This aversion has probably stopped him from seeing dozens of Oscar-winning films the late composer scored music for, not to mention the Pink Panther movies and Newhart. Hardly the late composer's fault, but try telling that to a guy who hears "my huckleberry friend" and sees regurgitated cheese dripping down his lapel.

In much the same way, I've never given the solo work of Phoenix's own Stevie Nicks a fair shake, since I used to have a girlfriend who worshiped Nicks the whole nine yards. My girlfriend wore shawls in the summertime, draped veils over room lamps, read tarot cards, believed in spooks and spirits, consulted astrological charts and sang "Landslide" with the same high, quivering voice Stevie used to have. That was no mean feat, since my ex's regular speaking voice was lower than Bea Arthur's. But that was ages ago, and one should be able to disassociate star-crossed lovers with Stevie Nicks' latest album, Street Angel. But it's hard, much the same way you can't disassociate Stevie from Fleetwood Mac and Fleetwood Mac from the horrible sight of the Gores square-dancing to "Don't Stop."

There must be plenty of other guys out there who have a Nicksnik in their past, one who used to take out the top hat and chiffon every time Stevie came to town. After all, Rumours sold a kazillion copies, and Bill Clinton couldn't have bought all of them.
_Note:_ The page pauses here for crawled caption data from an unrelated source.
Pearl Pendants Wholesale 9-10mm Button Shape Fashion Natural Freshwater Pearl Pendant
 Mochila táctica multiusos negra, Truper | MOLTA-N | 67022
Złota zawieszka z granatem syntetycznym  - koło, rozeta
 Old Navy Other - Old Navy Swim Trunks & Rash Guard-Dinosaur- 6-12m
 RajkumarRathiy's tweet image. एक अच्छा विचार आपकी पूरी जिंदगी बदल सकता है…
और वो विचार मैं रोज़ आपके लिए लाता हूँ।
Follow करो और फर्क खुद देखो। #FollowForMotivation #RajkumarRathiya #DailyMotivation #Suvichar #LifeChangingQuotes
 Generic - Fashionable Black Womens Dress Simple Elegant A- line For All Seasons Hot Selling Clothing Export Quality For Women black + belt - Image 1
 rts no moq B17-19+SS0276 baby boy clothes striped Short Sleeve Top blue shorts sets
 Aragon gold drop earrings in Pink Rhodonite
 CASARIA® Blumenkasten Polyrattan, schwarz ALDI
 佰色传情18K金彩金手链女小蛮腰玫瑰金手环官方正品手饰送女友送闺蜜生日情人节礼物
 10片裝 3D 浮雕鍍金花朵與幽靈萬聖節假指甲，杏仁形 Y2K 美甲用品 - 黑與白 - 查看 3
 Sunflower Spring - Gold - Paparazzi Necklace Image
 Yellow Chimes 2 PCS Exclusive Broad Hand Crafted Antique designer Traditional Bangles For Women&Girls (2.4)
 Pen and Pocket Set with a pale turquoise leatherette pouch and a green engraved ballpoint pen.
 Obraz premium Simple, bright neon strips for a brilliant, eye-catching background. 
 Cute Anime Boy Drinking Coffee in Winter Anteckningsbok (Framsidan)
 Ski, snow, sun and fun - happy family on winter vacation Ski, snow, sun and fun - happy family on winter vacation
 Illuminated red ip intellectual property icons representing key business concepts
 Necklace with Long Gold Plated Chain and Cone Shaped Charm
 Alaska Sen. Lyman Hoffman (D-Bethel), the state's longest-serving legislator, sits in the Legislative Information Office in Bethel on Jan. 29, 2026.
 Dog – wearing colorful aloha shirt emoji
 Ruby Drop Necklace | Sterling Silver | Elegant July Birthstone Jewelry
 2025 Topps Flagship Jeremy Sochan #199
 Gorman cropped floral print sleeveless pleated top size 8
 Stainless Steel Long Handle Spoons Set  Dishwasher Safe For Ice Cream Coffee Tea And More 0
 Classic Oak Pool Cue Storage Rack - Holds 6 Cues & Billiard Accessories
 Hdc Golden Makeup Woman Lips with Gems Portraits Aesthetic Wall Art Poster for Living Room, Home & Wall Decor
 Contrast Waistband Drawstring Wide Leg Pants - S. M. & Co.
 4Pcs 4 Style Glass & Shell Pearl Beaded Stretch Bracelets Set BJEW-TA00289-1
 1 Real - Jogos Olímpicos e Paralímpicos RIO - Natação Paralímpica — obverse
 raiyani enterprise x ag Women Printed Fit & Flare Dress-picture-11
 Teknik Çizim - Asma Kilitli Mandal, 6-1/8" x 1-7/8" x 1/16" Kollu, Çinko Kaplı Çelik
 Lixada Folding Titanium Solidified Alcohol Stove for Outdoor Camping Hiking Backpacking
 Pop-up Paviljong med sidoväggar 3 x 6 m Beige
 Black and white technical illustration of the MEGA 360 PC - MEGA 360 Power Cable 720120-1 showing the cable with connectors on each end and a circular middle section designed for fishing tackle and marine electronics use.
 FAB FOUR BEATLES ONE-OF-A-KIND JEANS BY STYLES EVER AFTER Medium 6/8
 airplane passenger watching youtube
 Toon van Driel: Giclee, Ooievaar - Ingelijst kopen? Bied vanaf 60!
Pubescent girls hungry for role models in 1976 didn't have too many ideals to choose from--Stevie, Farrah, Linda McCartney, the Bionic Woman, Wonder Woman and Rosalynn Carter the Unstoppable Sex Machine--oh, yeah, and for 15 seconds, porn star turned pop singer Andrea True.

Most female Fleetwood Mac fans skipped right over honey-voiced Christine McVie, probably because she reminded them too much of their mothers. If you were a girl on the edge of 17, who would you rather be--Christine, slaving away at her keyboard like it was a Singer sewing machine, or Stevie, whirling dervishly onstage like a kid with no homework? You'd pick the chick in the top hat, natch! Goodhearted McVie symbolized the perennial pushover, the silly girl always looking for daddies in a roomful of strange men. She deserved whatever she got. Didn't her former beau Dennis Wilson once surprise her on her birthday with a heart-shaped flower garden and then have the gall to send her the landscaping bill? She probably paid it, too. Sap.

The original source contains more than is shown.